Effectiveness of diagnostic strategies in suspected delayed cerebral ischemia: a decision analysis

Sapna Rawal, Carolina Barnett, Ava John-Baptiste, Hla-Hla Thein, Timo Krings, Gabriel J E Rinkel
Stroke; a Journal of Cerebral Circulation 2015, 46 (1): 77-83

BACKGROUND AND PURPOSE: Delayed cerebral ischemia (DCI) is a serious complication after aneurysmal subarachnoid hemorrhage. If DCI is suspected clinically, imaging methods designed to detect angiographic vasospasm or regional hypoperfusion are often used before instituting therapy.
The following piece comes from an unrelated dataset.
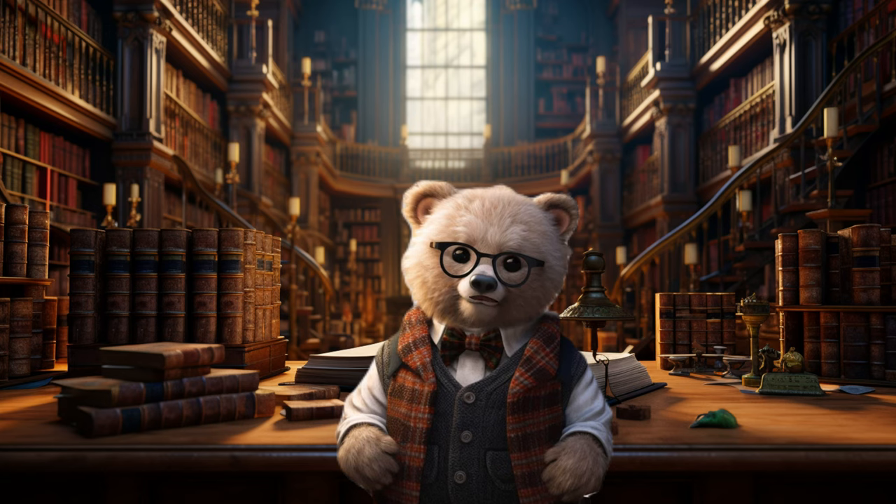Hello there, my young friends. I'm Wise Bear Ted, all the way from the enchanting joyful city. Today, I'm excited to take you on a magical journey to explore the mesmerizing world of the ocean's coral reef animals.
Uncertainty in the strength of the relationship between imaged vasospasm or perfusion deficits and DCI-related outcomes raises the question of whether imaging to select patients for therapy improves outcomes in clinical DCI.

METHODS: Decision analysis was performed using Markov models. Strategies were either to treat all patients immediately or to first undergo diagnostic testing by digital subtraction angiography or computed tomography angiography to assess for angiographic vasospasm, or computed tomography perfusion to assess for perfusion deficits. According to current practice guidelines, treatment consisted of induced hypertension. Outcomes were survival in terms of life-years and quality-adjusted life-years.
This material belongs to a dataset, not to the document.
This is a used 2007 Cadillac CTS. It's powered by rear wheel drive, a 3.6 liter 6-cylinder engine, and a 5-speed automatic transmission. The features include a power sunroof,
RESULTS: When treatment was assumed to be ineffective in nonvasospasm patients, Treat All and digital subtraction angiography were equivalent strategies; when a moderate treatment effect was assumed in nonvasospasm patients, Treat All became the superior strategy. Treating all patients was also superior to selecting patients for treatment via computed tomography perfusion. One-way sensitivity analyses demonstrated that the models were robust; 2- and 3-way sensitivity analyses with variation of disease and treatment parameters reinforced dominance of the Treat All strategy.

CONCLUSIONS: Imaging studies to test for the presence of angiographic vasospasm or perfusion deficits in patients with clinical DCI do not seem helpful in selecting which patients should undergo treatment and may not improve outcomes. Future directions include validating these results in prospective cohort studies.